Work required – Give again, word for word, every line below from the one that has "Hello, this is" through the one that has "And the new", both included, and no others.
** Opening Information provided block **
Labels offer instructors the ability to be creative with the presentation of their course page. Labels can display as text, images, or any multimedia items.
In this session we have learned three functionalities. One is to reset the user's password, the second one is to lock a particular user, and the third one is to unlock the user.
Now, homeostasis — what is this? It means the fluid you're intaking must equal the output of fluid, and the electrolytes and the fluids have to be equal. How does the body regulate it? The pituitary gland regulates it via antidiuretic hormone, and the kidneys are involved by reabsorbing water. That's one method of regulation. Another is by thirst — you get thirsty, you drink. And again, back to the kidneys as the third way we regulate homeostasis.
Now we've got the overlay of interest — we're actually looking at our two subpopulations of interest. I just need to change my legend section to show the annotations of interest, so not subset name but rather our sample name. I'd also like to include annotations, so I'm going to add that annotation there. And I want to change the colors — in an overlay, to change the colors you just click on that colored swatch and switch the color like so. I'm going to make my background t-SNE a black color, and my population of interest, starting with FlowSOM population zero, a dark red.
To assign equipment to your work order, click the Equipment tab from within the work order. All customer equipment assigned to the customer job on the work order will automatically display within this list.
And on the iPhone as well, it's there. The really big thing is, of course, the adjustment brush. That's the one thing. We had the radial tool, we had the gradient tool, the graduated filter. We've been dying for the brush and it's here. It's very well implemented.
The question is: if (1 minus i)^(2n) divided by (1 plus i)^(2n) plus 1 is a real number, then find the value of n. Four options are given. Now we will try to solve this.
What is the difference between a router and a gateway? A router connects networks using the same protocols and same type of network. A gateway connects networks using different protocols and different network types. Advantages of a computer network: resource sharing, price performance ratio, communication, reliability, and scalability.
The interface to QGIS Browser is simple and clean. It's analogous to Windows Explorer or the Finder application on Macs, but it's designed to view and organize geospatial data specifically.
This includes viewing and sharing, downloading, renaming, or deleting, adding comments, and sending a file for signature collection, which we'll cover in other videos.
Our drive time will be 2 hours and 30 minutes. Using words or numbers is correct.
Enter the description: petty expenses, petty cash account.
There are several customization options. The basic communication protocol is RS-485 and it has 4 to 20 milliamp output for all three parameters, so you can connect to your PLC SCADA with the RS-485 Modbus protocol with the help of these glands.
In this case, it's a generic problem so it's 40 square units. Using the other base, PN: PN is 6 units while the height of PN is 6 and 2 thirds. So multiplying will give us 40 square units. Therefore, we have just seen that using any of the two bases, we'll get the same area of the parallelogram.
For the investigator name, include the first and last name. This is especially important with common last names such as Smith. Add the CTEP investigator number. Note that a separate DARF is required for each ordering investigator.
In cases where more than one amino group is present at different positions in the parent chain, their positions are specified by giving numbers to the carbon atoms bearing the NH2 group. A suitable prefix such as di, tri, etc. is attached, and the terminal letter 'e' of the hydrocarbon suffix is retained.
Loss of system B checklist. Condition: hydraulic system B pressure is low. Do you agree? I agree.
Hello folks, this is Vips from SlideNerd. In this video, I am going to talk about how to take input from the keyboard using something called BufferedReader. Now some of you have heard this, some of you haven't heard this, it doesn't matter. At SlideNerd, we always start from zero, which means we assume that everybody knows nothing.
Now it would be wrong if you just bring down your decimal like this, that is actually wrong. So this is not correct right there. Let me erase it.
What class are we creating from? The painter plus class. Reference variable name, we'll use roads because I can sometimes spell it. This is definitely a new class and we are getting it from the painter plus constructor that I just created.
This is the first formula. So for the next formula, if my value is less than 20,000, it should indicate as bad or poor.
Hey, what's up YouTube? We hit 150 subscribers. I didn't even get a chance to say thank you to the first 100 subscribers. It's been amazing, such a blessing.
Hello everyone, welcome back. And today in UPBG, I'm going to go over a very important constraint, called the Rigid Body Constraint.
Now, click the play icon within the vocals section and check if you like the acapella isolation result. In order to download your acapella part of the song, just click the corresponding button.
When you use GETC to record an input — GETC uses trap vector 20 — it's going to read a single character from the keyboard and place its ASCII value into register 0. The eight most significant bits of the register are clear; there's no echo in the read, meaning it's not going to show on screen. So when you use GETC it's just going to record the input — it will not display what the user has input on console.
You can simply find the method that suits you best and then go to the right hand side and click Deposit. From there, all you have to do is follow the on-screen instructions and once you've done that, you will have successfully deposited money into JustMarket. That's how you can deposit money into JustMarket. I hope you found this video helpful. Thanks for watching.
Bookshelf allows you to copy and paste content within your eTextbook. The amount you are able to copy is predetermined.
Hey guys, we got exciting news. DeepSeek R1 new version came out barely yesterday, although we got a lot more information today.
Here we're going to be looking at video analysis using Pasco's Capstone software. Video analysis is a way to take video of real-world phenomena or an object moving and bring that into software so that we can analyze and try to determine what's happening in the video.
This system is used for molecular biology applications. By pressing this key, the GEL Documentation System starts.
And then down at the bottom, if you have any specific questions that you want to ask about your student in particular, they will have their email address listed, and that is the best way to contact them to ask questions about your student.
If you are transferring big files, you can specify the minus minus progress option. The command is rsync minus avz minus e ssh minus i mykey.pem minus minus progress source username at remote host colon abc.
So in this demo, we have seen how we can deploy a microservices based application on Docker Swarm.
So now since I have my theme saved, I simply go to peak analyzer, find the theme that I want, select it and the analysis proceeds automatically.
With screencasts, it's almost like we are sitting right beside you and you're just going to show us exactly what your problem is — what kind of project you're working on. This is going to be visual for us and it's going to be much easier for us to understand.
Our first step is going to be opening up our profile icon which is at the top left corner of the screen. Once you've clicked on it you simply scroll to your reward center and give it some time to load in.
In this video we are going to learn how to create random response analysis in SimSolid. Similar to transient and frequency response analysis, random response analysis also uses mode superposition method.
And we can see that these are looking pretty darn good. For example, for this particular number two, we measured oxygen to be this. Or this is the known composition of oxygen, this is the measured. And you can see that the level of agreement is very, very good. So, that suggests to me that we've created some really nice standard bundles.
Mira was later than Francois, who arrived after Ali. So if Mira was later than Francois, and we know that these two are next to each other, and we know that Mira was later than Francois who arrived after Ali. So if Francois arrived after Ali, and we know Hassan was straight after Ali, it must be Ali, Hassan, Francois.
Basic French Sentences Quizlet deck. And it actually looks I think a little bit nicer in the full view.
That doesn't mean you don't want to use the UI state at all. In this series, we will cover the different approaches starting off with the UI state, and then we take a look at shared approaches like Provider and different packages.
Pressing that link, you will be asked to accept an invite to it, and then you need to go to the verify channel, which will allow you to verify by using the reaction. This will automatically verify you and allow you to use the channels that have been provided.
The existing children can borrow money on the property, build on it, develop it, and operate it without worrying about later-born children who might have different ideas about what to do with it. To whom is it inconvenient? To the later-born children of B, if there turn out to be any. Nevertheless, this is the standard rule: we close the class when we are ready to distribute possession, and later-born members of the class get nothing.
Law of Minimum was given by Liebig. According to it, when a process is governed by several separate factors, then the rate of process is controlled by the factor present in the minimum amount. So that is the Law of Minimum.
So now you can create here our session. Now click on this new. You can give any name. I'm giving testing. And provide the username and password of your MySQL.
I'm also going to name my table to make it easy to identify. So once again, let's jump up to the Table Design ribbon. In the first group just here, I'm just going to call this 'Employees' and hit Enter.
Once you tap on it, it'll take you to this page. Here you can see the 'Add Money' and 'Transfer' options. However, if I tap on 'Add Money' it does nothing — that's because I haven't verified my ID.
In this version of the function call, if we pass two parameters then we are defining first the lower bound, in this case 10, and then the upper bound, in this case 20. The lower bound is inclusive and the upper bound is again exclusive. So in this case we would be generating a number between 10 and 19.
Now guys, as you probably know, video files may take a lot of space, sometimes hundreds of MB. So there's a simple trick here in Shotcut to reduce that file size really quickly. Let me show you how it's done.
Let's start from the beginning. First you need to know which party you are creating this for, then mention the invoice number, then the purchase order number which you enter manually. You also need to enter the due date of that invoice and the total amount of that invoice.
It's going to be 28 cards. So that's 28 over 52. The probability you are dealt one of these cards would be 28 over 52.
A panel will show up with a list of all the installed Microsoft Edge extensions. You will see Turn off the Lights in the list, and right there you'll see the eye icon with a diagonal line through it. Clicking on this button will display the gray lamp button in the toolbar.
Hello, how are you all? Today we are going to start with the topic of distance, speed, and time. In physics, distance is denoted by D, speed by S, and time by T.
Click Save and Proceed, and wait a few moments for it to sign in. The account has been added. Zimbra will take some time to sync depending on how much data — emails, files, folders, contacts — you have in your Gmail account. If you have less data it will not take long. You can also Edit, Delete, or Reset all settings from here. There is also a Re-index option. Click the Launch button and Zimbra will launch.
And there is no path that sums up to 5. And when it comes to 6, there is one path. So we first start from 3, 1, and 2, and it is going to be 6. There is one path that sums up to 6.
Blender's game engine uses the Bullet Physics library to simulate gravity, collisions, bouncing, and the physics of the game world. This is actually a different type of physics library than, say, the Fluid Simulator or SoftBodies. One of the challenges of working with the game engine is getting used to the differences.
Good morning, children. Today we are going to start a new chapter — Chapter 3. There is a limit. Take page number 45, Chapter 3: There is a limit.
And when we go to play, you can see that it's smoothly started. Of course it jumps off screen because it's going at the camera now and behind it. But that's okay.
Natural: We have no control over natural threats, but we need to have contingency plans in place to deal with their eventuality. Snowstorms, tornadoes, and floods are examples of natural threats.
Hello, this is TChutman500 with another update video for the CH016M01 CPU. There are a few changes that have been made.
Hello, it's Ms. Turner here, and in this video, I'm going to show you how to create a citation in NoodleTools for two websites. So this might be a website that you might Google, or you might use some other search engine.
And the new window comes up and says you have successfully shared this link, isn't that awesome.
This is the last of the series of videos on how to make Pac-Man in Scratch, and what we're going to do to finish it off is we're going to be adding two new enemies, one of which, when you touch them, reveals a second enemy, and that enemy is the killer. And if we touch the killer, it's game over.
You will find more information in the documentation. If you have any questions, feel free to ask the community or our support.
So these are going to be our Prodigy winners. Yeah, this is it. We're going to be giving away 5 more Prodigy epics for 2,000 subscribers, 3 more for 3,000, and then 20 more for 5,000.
** Closing Information provided block **
Solution to this exercise –
Hello, this is TChutman500 with another update video for the CH016M01 CPU. There are a few changes that have been made.
Hello, it's Ms. Turner here, and in this video, I'm going to show you how to create a citation in NoodleTools for two websites. So this might be a website that you might Google, or you might use some other search engine.
And the new window comes up and says you have successfully shared this link, isn't that awesome.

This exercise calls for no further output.